Des déboires dès la conception L’aventure va tourner au cauchemar. Le projet rencontre rapidement de multiples incidents de parcours : retards de livraison, soucis de recharge de batteries, pannes à répétition, problèmes de redémarrage… Les avaries techniques surviennent sur les deux modèles. Dans le secteur automobile électrique, on sait qu’un matériel neuf peut nécessiter une formation sur l’équipement et le bon usage du véhicule. Mais le dossier, considèrent les communes, est particulièrement lourd. Photos à l’appui, l’importateur belge dit avoir relevé des dizaines de défauts sur l’Ecomile. Freinages périlleux, ceintures de sécurité défectueuses, risques de court-circuit. Les véhicules étaient bien sous garantie et l’assistance technique est (toujours) prévue dans le contrat, mais les qualités du service après-vente sont médiocres. « Nos demandes auprès de la société italienne sont toutes restées lettre morte », déplore André Desmarlières (PS), bourgmestre de Brugelette, propriétaire d’un utilitaire électrique livré au printemps 2012, immobilisé depuis plus d’un an dans un garage, et menacé de ne jamais redémarrer.

En réalité, ce dossier a connu des déboires dès sa conception. En janvier 2011, la Région wallonne reçoit l’offre de la firme belge Philco pour la City Fort, et celle de l’entreprise italienne EVF pour l’Ecomile. Et les ennuis commencent : « C’est une histoire de malchance et l’enfer est pavé de bonnes intentions. Ainsi, Philco aurait menti sur les performances de la City Fort », explique Xavier Georges, conseiller au cabinet de Philippe Henry. En effet, les performances de la citadine (une vitesse de pointe de 45 km/heure et l’autonomie de la batterie) ne correspondent pas à ce qui était clairement défini dans le cahier des charges.

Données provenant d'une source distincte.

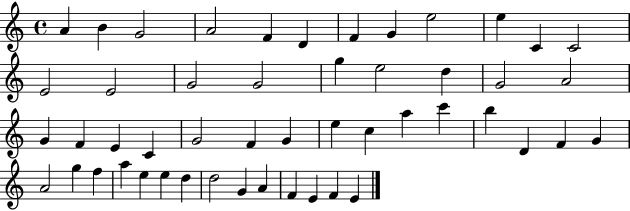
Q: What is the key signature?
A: C major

Quant à la fourgonnette, elle aussi n’était pas conforme : le volume de la benne basculante est trop court. « Nous avons envoyé un expert technique à la réception du véhicule, mais aucun contrôle technique n’a été effectué », raconte un fonctionnaire de l’administration. Faute de tests à la réception, il faudra alors opter pour un autre modèle, le Jolly 1200, d’une technologie quelque peu dépassée et donc moins fiable qu’un véhicule électrique récent. « En réalité, il aurait fallu relancer le marché », poursuit l’agent wallon. « Mais il répondait correctement aux différents critères du cahier spécial des charges et possédait, en théorie, un rapport qualité/prix intéressant. On a cru faire une bonne affaire », renchérit Xavier Georges.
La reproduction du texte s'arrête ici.